Em todo mês de janeiro, a plataforma, que pertence à Amazon, inicia o Goodreads Reading Challenge. “Esse é um modo interativo para que os leitores possam se motivar a ler mais, ao estipular um número de livros que gostariam de ler no ano”, afirma a empresa em comunicado enviado à ELLE. “Até o momento, em 2022, 5,1 milhões de membros se inscreveram, com uma meta de, em média, 47 livros.” O desafio não dá recompensas, “além da satisfação de saber que você atingiu uma meta pessoal de leitura”.
O Goodreads possui ainda uma estrutura de rede social, na qual os usuários conferem quais produções seus amigos, e autores renomados, leem. “Essas conexões permitem descobrir obras, assim como interagir por meio de comentários e mensagens diretas”, complementa a empresa.

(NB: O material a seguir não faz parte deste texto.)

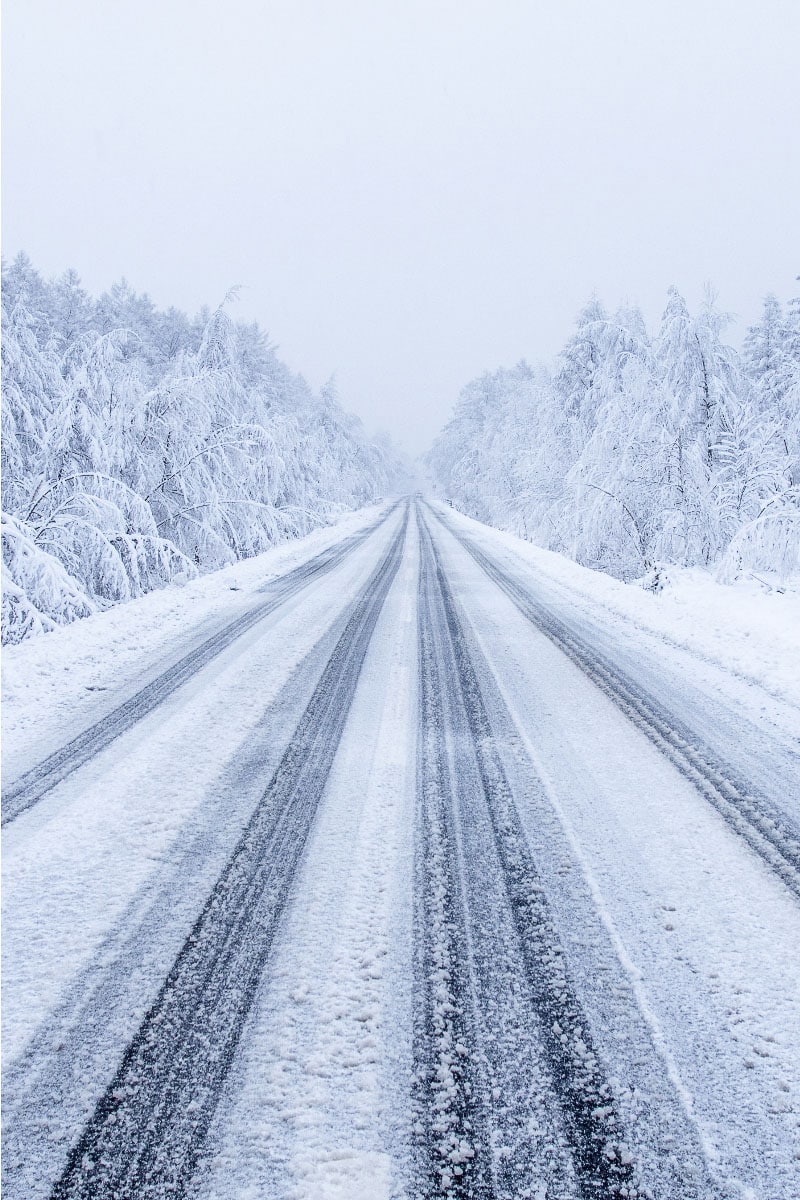 A road stretches into the distance, flanked by snow-covered trees in a New Mexico forest, with tire tracks visible on the snow-dusted road, creating a sense of depth and winter travel.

Incentivos à leitura costumam ser uma boa ideia, mas não para todos e em qualquer circustância. Em entrevista à revista inglesa i-D, Karen, uma influenciadora de livros no Instagram que criou uma conta no Goodreads inicialmente por diversão, relata a constante pressão de provar sua credibilidade na plataforma ao ler o máximo de livros que conseguia – caso contrário, não teria tanta novidade para comunicar. O estabelecimento de metas para completar o desafio de leitura, diz ela, criou ainda uma competição consigo mesma, assim como estimulou a criação ininterrupta de novos passos a serem dados, o que resultou em estresse e ansiedade.
Questionada sobre esse ponto e se haveria algum tipo de medida ou instrução de acompanhamento, prevenção ou notificação do público, a empresa afirma à ELLE: “Assim como as metas que as pessoas criam no começo do ano para melhorar seus hábitos, os membros do Goodreads podem estabelecer um objetivo de leitura para ajudá-los a ler mais no ano que virá”. A declaração, por fim, ressalta: “Os membros sempre podem ajustar a quantidade de livros que se comprometeram a ler ao longo do ano”.
Comparar-se com o outro não é algo inaugurado pela internet nem necessariamente engatilha sofrimento emocional e psíquico, afirma Rodrigo Nejm. “Existe uma dimensão de comparação social que é a de ter referências sociais, subjetivas e simbólicas. A interação dá oportunidade de ver o outro na diferença e isso nos inspira.”
Entretanto, a potencialização dessa comparação por dispositivos digitais e o compartilhamento de dados, atrelados ao estímulo por performance de uma atividade antes descompromissada, “pode ter um efeito bem nefasto” quando a dosagem está desregulada, analisa Nejm. E, nesse caso, cabe a cada um fazer o seu balanço: “Qual é a capacidade de dosagem das experiências? Comparar a sua performance com a do outro te adoece e causa sofrimento ou se enquadra mais em uma dinâmica de compartilhamento e conexão? O cálculo tem que ser feito o tempo todo”, diz.